§ **Work request**
In the entries below, begin at the line that has "And while we're", stop after the line that has "I'll put a copy", and output those lines exactly with no pictures.

§ **Data to use**
=== Begin Enclosure ===

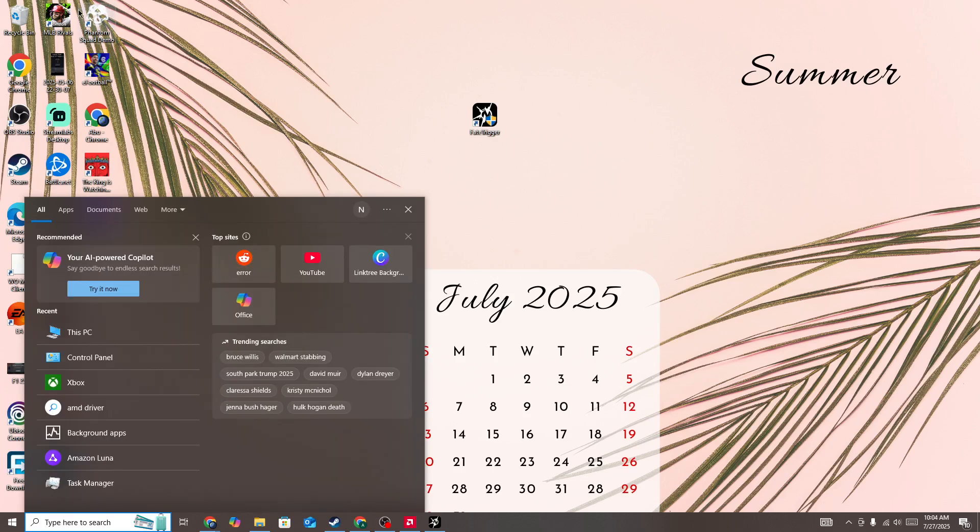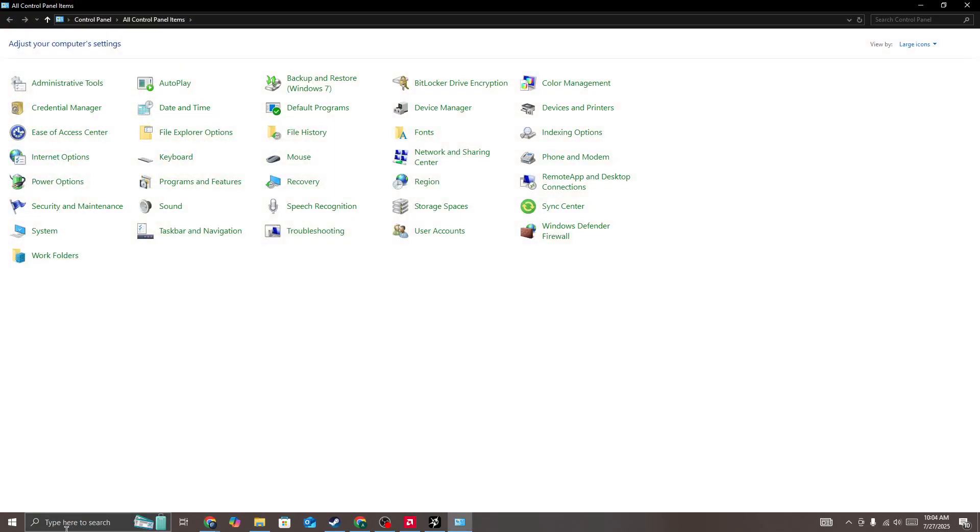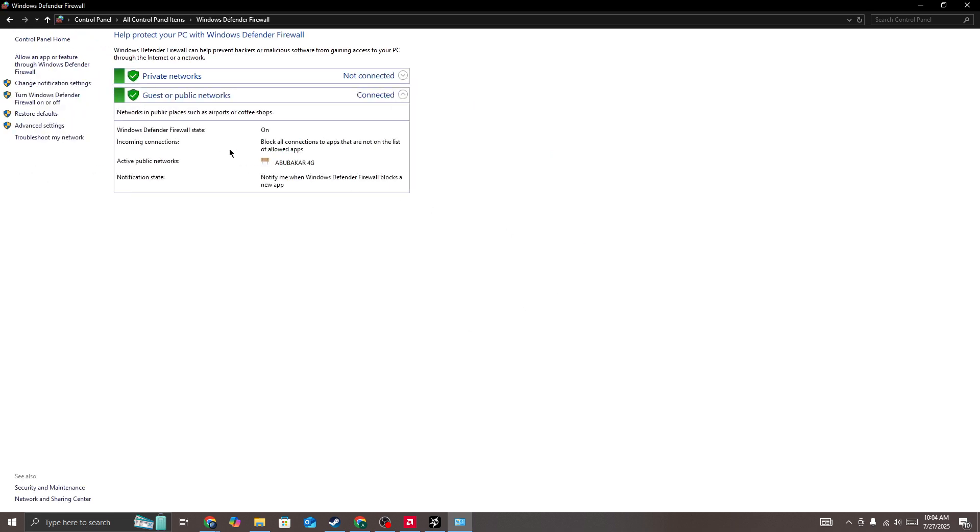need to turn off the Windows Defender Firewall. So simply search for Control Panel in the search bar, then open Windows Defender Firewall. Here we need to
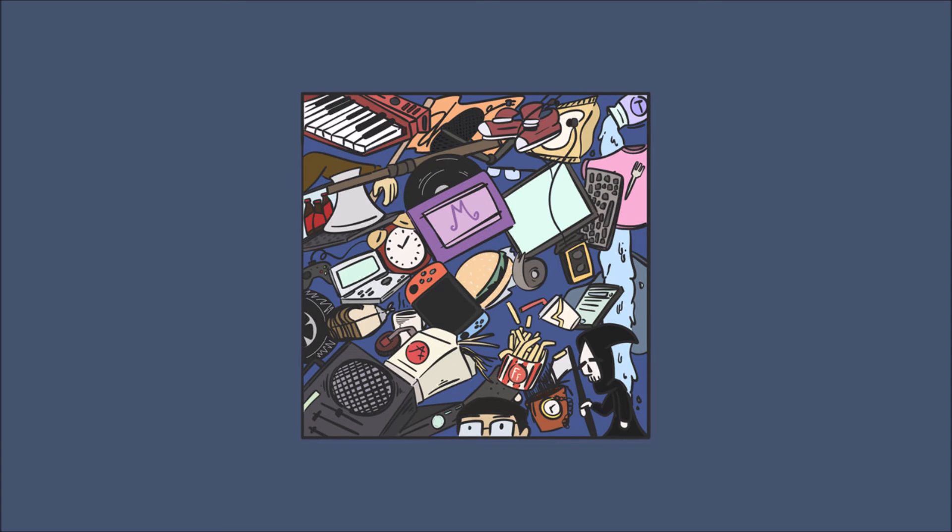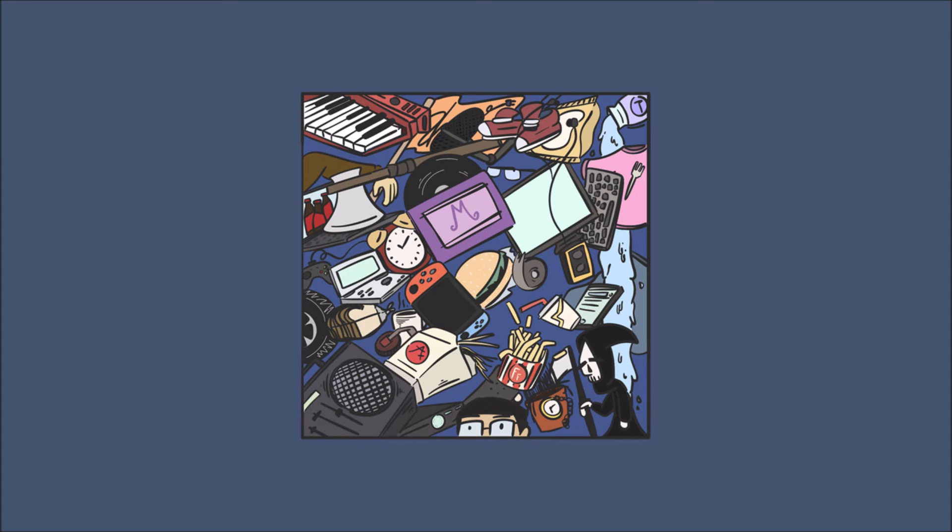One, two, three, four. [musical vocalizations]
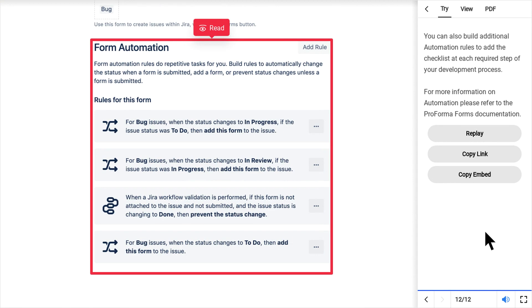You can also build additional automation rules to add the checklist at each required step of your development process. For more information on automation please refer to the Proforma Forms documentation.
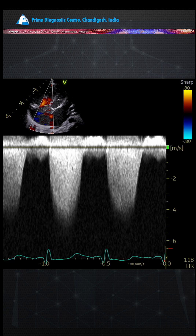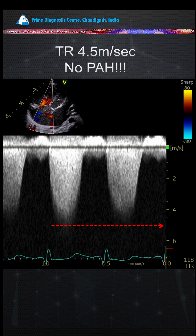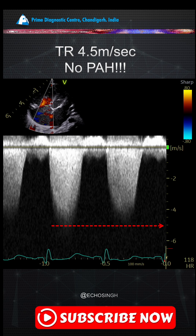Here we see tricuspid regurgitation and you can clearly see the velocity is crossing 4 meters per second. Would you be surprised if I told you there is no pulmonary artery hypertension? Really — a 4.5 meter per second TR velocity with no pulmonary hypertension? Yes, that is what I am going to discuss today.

=== End Enclosure ===
=== Begin Enclosure ===

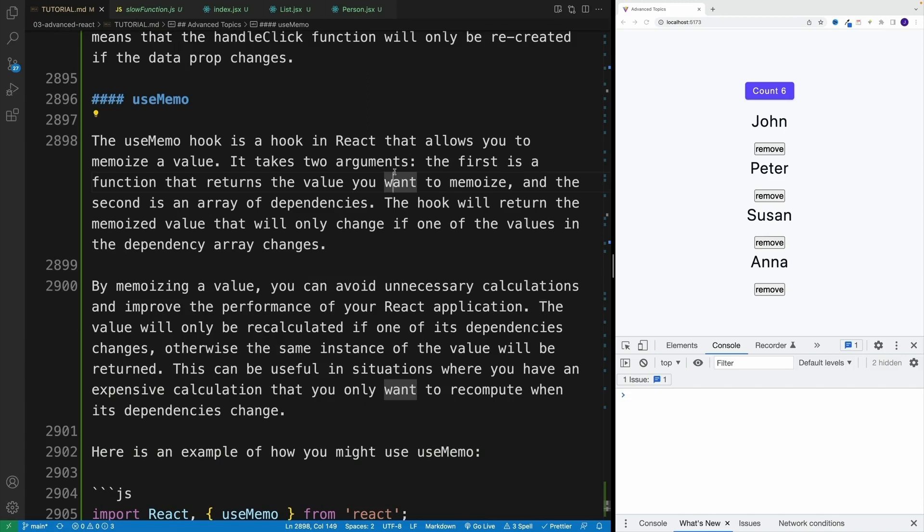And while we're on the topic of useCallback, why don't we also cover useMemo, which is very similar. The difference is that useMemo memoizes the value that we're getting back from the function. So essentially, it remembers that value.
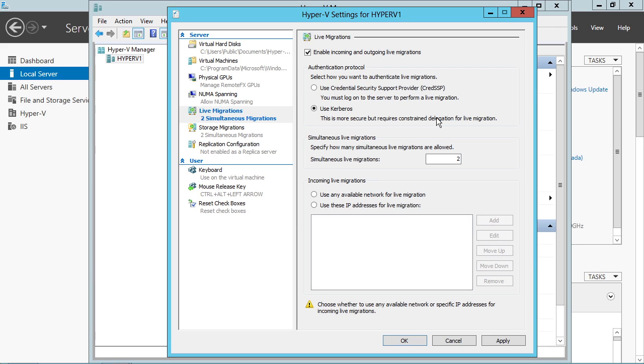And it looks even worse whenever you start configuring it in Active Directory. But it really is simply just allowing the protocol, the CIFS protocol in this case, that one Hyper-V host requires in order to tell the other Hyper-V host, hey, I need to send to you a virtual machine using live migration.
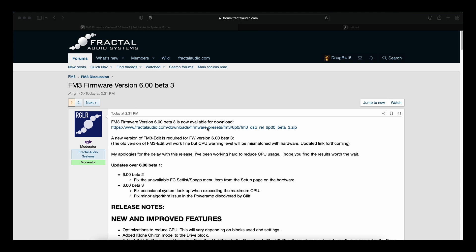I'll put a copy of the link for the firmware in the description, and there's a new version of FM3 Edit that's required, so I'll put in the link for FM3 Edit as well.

=== End Enclosure ===
=== Begin Enclosure ===

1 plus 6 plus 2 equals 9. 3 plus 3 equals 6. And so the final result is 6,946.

=== End Enclosure ===

§ **Result below**
And while we're on the topic of useCallback, why don't we also cover useMemo, which is very similar. The difference is that useMemo memoizes the value that we're getting back from the function. So essentially, it remembers that value.
And it looks even worse whenever you start configuring it in Active Directory. But it really is simply just allowing the protocol, the CIFS protocol in this case, that one Hyper-V host requires in order to tell the other Hyper-V host, hey, I need to send to you a virtual machine using live migration.
I'll put a copy of the link for the firmware in the description, and there's a new version of FM3 Edit that's required, so I'll put in the link for FM3 Edit as well.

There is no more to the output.